You are given a binary tree where each node has the following structure:

public class Node {
    public int val;
    public Node left;
    public Node right;
    public Node next;

    public Node() {}
    
    public Node(int _val) {
        val = _val;
    }
    
    public Node(int _val, Node _left, Node _right, Node _next) {
        val = _val;
        left = _left;
        right = _right;
        next = _next;
    }
}

Populate each next pointer to point to its next right node. If there is no next right node, the next pointer should be set to null.

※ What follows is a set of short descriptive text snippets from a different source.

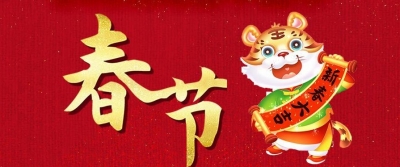 德州市诗词协会新春征稿作品选（七）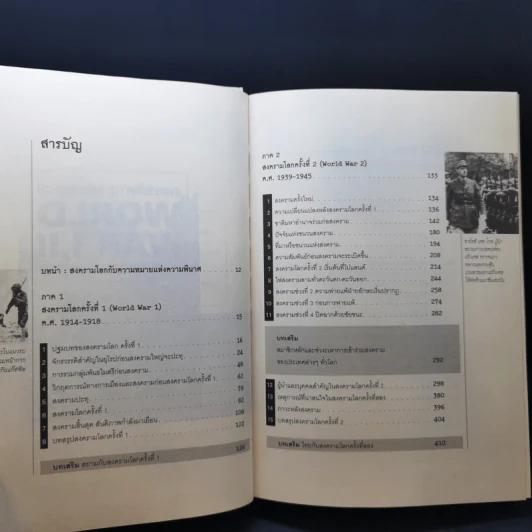 World War I,II สงครามโลก 1,2 (ฉบับสมบูรณ์) ประวัติศาสตร์การเข่นฆ่าที่โลกต้องเรียนรู้ - วีระชัย โชคมุกดา รูปที่ 9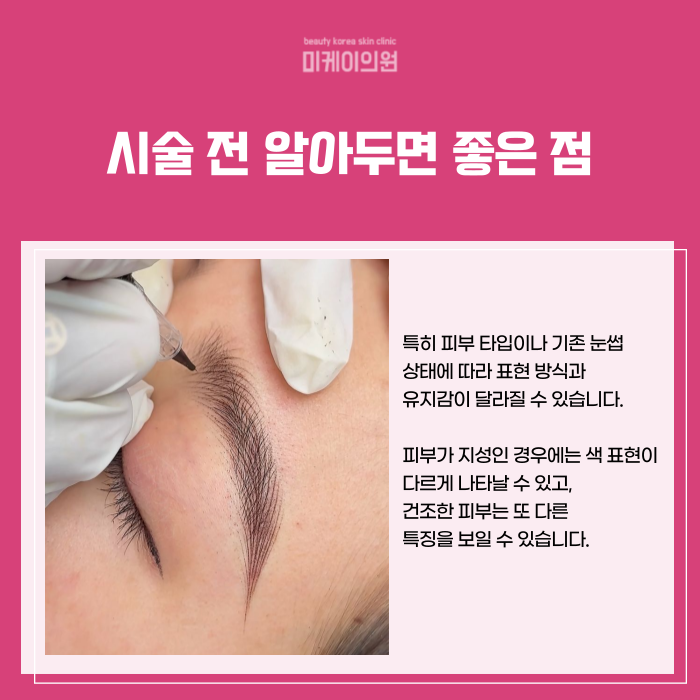 강남역 눈썹 디자인 생얼도 당당하게 관련 이미지 4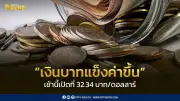 เปิดตลาดเงินบาท 32.34 บาทต่อดอลลาร์ แข็งค่าขึ้นเล็กน้อย จับตา Trump-Xi Summit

Initially, all next pointers are set to NULL.

Clarifying Questions

1. Does the input binary tree have any constraints? For example, is it a perfect binary tree?
   • No, it is not necessarily a perfect binary tree; it’s a general binary tree.
2. Can we use additional memory for this operation, or should it be done in-place?
   • The problem doesn’t restrict the use of additional memory explicitly, but an in-place solution is preferred to optimize for space complexity.
3. Is the tree empty (i.e., the root node is null) a valid input?
   • Yes, the tree can be empty, and in that case, the output should also be null.

Strategy

1. Use a level-order traversal (BFS) to connect the next pointers on each level.
2. Use a dummy node for each level to manage the connections smoothly.
3. Keep track of the current level’s nodes using a pointer and link their children appropriately.

Code

class Solution {
    public Node connect(Node root) {
        if (root == null) {
            return null;
        }
        
        Node current = root;
        Node dummy = new Node(0); // Dummy node for each level
        Node tail = dummy; // Tail pointer for the current level list
        
        while (current != null) {
            if (current.left != null) {
                tail.next = current.left;
                tail = tail.next;
            }
            if (current.right != null) {
                tail.next = current.right;
                tail = tail.next;
            }
            current = current.next;
            if (current == null) {
                current = dummy.next;
                dummy.next = null;
                tail = dummy;
            }
        }
        
        return root;
    }
}

Time Complexity

• The time complexity of this solution is (O(n)), where (n) is the number of nodes in the binary tree. The algorithm processes each node exactly once.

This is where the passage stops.